Tan sólo la comunidad aborigen que lo habita desde hace 40.000 años entiende el origen de esta naturaleza y de su magnética energía.

Ana G. Vitienes

Bruce Chatwin aseguraba que "los aborígenes australianos rehacen a diario el mundo volviendo sobre los trazos de la canción de sus antepasados, y así mantienen siempre fresca la creación de las montañas, los valles, los desiertos y los ríos secretos". Este viajero británico no fue el primer escritor fascinado por la ligazón casi telepática entre esta tierra de extremos y sus habitantes aborígenes.

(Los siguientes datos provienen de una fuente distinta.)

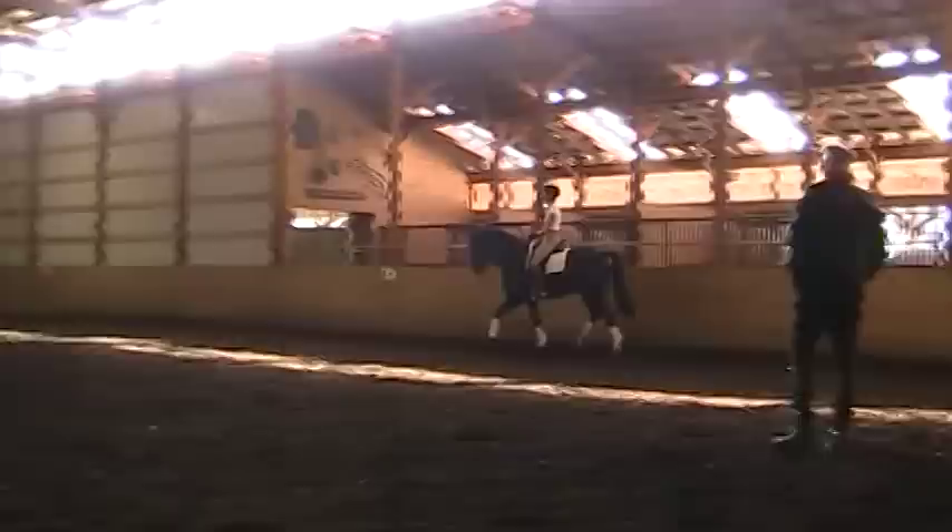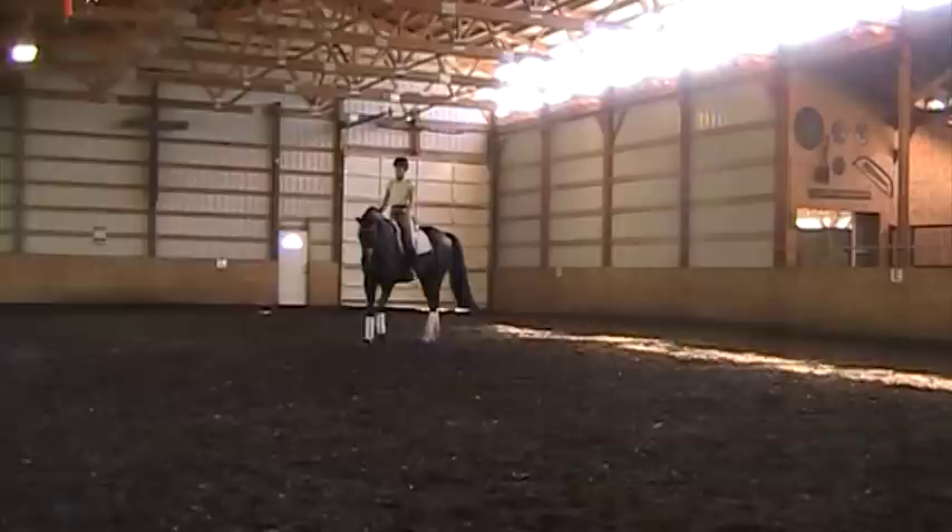And now for Linda, when you get to the center line, walk. And to the left, make the turn on the center. Turn on the center.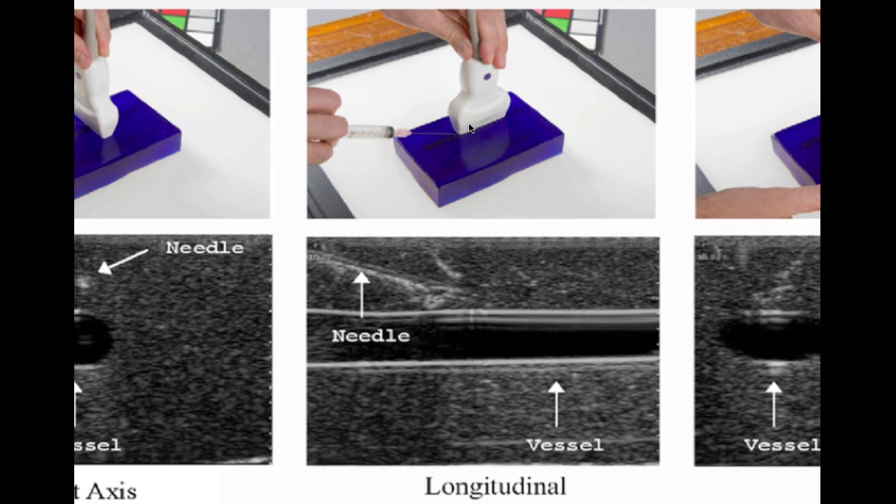The problem is it's pretty technically challenging because keeping the needle in the plane of the probe is so hard — the width of the image you're seeing on the screen is about a millimeter thick. So if you're just slightly off axis, you lose visualization of the needle. The other problem with doing the longitudinal approach is that you can slip off axis of the vessel, mistake an artery for a vein, and hit something you don't want to hit.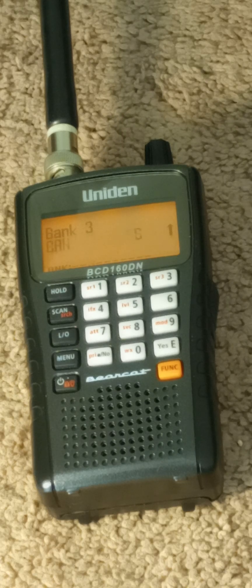Hello everyone. Today I'm doing the review on the new BCD-160DN that Uniden just came out with — DMR and NXDN conventional built right in. It's selling for $249. Keep in mind it has no APCO 25 digital in it.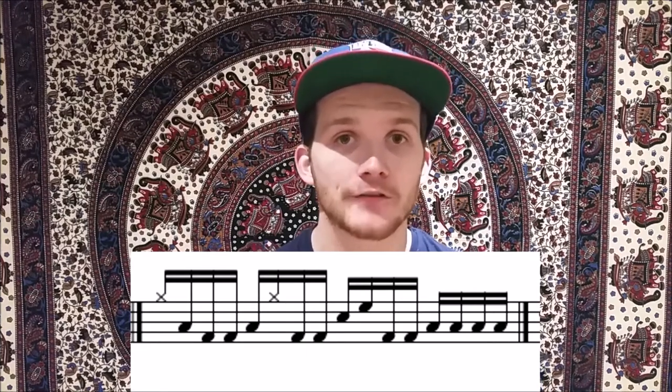In the second bar, all you're going to be doing is exactly the same as what you did in the first bar, but with the last four notes, you're going to replace them with right, left, right, left on the floor tom. I'm going to demonstrate this at a couple of different tempos for you. We're going to start off slow at 70 bpm and then we're going to work our way all the way up to the final bpm of 180.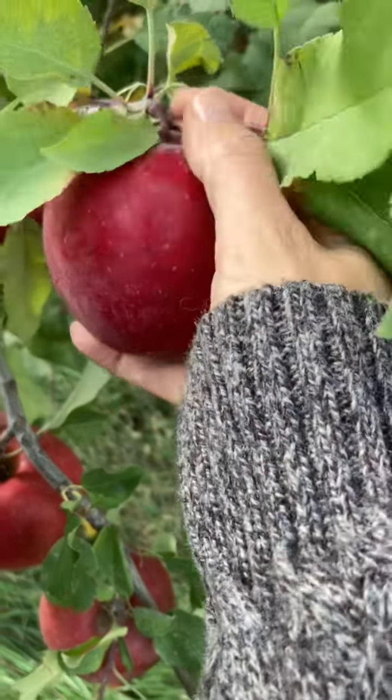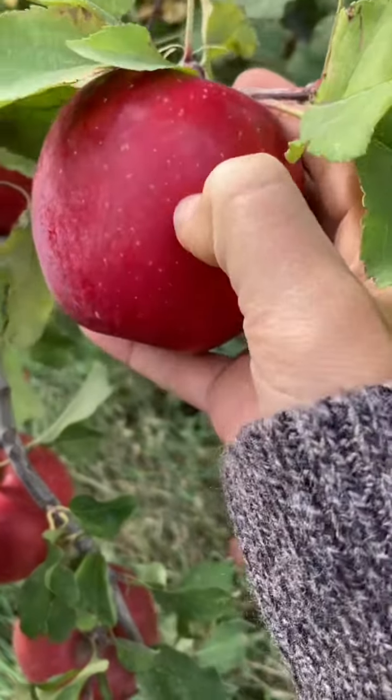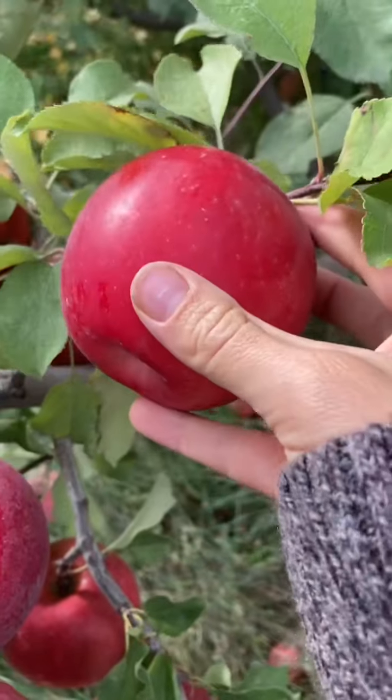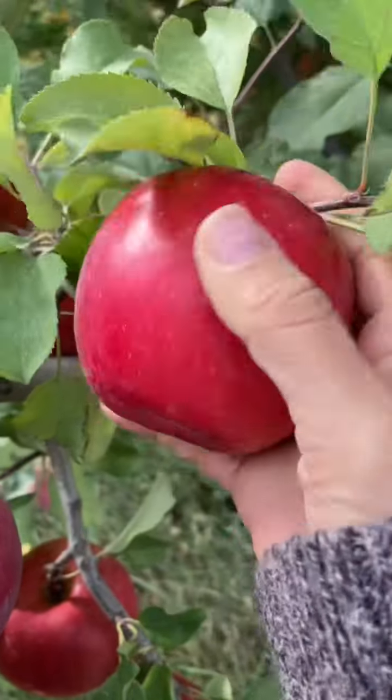Look at this apple. You can definitely see there's stuff on it — not just a little bit of dust, but look at how shiny it is. It looks very waxy, for lack of a better word. You can clearly see they have something on them.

Pero su libro Los trazos de la canción (1987) descubrió para el gran público la interrelación chamánica entre el alma humana de las tribus asentadas en la isla continente hace más de 40.000 años y el espíritu que transpira la intensa planicie roja del centro de Australia, donde el hombre blanco no hizo su aparición hasta 1869. Así, al esfuerzo de afrontar su visión inhóspita y sus temperaturas amenazadoras para visitar algunos de los caprichos más extraordinarios de las Antípodas -encabezados por el monolito Uluru y las pinturas rupestres del Parque Nacional de Kakadu- se suma un reto adicional: ver más allá de lo aparente.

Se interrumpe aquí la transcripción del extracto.